Régi par les articles L. 2113-6 à L. 2113-8 et L. 3112-1 à L. 3112-4 du code de la commande publique, le groupement de commandes rencontre déjà, sur d'autres terrains que la DECI, un vrai succès avec des groupements comptant parfois jusqu'à plus d'une centaine de membres. Conformément à l'article L. 5211-4-4 du CGCT, un EPCI est autorisé depuis 201938(*) à passer des marchés publics pour le compte de ses communes membres. Ainsi, afin d'accroitre son soutien aux communes membres, la communauté d'agglomération « Évreux Portes de Normandie » a initié une réflexion autour de la mise en place d'un groupement de commandes pour le renouvellement des PEI, qui pourrait être effectif dès l'année 2022. L'un de ses facteurs clefs de réussite réside en effet dans sa souplesse d'utilisation.

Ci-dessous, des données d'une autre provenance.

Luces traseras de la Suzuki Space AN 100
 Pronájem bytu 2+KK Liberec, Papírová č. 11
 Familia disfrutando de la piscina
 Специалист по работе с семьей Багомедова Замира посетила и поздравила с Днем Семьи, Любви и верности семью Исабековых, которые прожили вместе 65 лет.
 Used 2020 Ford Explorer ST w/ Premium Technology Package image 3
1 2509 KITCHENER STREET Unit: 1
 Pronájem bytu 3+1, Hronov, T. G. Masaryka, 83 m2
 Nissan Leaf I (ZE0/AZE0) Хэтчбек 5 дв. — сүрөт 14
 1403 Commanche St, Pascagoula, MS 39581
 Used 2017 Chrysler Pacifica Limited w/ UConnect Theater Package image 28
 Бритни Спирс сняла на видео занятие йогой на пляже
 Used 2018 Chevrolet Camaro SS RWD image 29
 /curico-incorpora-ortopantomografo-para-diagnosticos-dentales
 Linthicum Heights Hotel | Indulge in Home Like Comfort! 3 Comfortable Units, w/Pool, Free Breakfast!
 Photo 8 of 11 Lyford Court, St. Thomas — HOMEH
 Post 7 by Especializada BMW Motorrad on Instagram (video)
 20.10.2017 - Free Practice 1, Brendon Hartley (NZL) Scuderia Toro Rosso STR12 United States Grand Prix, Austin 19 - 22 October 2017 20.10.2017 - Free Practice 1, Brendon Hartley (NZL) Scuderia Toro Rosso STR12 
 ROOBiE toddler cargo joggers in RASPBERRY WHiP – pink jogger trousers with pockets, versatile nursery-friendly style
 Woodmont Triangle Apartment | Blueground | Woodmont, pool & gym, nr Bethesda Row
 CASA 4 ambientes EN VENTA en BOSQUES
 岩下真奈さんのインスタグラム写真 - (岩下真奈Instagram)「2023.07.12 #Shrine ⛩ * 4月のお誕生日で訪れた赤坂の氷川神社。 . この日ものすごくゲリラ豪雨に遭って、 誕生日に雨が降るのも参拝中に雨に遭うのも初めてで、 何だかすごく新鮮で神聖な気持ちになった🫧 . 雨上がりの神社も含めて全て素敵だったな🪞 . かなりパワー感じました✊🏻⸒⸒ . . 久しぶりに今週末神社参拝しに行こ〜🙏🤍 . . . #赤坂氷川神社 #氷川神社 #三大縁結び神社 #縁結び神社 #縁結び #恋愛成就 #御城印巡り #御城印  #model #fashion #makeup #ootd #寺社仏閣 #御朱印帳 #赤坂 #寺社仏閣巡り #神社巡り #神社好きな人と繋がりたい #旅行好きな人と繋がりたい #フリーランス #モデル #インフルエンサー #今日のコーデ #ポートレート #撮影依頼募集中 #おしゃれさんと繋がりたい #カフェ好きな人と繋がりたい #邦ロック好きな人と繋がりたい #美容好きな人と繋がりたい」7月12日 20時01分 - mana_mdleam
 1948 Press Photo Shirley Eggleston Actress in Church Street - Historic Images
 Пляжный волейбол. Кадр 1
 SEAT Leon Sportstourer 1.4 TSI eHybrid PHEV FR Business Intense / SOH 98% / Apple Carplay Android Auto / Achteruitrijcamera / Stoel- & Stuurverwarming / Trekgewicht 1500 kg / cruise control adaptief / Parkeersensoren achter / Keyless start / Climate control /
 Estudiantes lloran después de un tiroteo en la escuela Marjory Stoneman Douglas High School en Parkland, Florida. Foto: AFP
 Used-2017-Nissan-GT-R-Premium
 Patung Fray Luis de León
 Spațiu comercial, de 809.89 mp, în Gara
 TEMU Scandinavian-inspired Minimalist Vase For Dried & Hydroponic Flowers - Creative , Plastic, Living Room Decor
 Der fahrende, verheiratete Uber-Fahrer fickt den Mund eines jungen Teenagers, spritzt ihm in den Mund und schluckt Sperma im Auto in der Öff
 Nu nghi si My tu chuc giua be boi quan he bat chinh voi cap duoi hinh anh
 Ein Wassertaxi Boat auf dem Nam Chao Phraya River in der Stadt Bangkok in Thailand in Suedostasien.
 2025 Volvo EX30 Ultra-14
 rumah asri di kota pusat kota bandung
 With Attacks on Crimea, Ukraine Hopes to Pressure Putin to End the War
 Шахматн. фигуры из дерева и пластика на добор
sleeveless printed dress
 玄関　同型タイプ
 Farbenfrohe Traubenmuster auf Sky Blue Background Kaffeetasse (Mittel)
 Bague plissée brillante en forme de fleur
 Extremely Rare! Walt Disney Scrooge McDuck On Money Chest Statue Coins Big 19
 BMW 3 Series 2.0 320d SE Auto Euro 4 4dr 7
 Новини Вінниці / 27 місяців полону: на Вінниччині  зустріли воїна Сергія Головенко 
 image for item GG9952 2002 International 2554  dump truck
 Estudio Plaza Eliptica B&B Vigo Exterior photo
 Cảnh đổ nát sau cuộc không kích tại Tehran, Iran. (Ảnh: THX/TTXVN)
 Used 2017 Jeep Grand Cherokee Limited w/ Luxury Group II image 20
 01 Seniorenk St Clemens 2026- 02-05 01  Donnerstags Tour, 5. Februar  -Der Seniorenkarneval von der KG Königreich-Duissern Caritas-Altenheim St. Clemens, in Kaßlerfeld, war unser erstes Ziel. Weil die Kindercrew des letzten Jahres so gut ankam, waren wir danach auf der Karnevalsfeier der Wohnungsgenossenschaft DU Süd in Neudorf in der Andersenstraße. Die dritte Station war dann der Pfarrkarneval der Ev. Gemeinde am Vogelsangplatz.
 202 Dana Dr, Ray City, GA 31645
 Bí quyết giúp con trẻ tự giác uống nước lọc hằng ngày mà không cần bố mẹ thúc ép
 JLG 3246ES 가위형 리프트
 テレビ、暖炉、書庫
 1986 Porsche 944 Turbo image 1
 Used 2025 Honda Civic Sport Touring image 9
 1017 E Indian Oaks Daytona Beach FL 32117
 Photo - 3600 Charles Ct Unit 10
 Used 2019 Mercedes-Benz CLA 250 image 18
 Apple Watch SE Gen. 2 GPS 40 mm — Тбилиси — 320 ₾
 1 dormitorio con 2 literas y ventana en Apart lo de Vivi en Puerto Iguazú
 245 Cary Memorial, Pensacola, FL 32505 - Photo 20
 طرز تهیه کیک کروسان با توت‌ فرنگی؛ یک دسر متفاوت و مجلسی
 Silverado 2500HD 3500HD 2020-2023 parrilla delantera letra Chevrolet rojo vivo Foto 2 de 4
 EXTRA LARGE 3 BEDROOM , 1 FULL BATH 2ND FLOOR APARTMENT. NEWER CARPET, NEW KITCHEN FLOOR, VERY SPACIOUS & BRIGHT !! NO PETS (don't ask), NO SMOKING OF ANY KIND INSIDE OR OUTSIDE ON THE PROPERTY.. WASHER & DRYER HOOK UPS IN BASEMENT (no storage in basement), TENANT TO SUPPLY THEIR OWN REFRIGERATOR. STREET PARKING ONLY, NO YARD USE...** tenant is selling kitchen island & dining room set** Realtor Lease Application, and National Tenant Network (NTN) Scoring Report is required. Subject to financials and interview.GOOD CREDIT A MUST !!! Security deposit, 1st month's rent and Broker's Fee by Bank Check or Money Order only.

Afin de faire connaître encore mieux ce type de montage, un guide, à l'image du « Guide des coopérations, à l'usage des collectivités locales et de leurs groupements » édité par la DGCL, pourrait être édité dans un axe spécifiquement tourné vers la DECI. Dans les départements, les préfets pourraient, quant à eux, accompagner les communes dans le montage d'un tel groupement.

Proposition : aider les communes à mutualiser leurs achats d'équipements de DECI (rédaction d'un guide méthodologique, accompagnement par les préfets pour le montage et l'analyse des appels d'offres).

Délai : sans objet

Acteur(s) : ministère de l'intérieur, direction de la modernisation et de l'administration territoriale (DMAT)/ministère de la cohésion des territoires et des relations avec les collectivités territoriales, direction générale des collectivités locales (DGCL)


* 26 Cf. les articles L. 5217-2, L. 3641-1 et L. 3642-2 (métropole du Grand Lyon) du CGCT. Le pouvoir de police spéciale du maire est alors transféré de plein droit avec la compétence DECI au président de la métropole.

* 27 Seules quatre communes ne sont pas membres d'un EPCI à fiscalité propre. Il s'agit des quatre îles mono-communales qui bénéficient d'une dérogation : l'île d'Yeu, l'île de Bréhat, l'île de Sein et l'île d'Ouessant.

* 28 Source : Assemblée des communautés de France (AdCF).

* 29 Audition du 10 mars 2021.

* 30 Cf. l'article L. 5212-16 du CGCT.

* 31 Syndicat intercommunal à vocation unique (SIVU) et syndicat intercommunal à vocation multiple (SIVOM).

* 32 Source : direction générale des collectivités locales (DGCL).

* 33 Source : Observatoire des services publics d'eau et d'assainissement (rapport sur le panorama des services et de leur performance en 2018, avril 2021).

* 34 Cf. l'article 95 de cette loi.

* 35 Cf. le deuxième alinéa du B du I de l'article L. 5211-9-2 du CGCT.

* 36 Réponses écrites de la DGSCGC à vos rapporteurs, le 4 mars 2021.

* 37 Rapport d'information de Dominique de Legge, fait au nom de la commission des finances n° 33 (2012-2013) - 10 octobre 2012.

* 38 En application de l'article 65 de la loi n° 2019-1461 du 27 décembre 2019 relative à l'engagement dans la vie locale et à la proximité de l'action publique.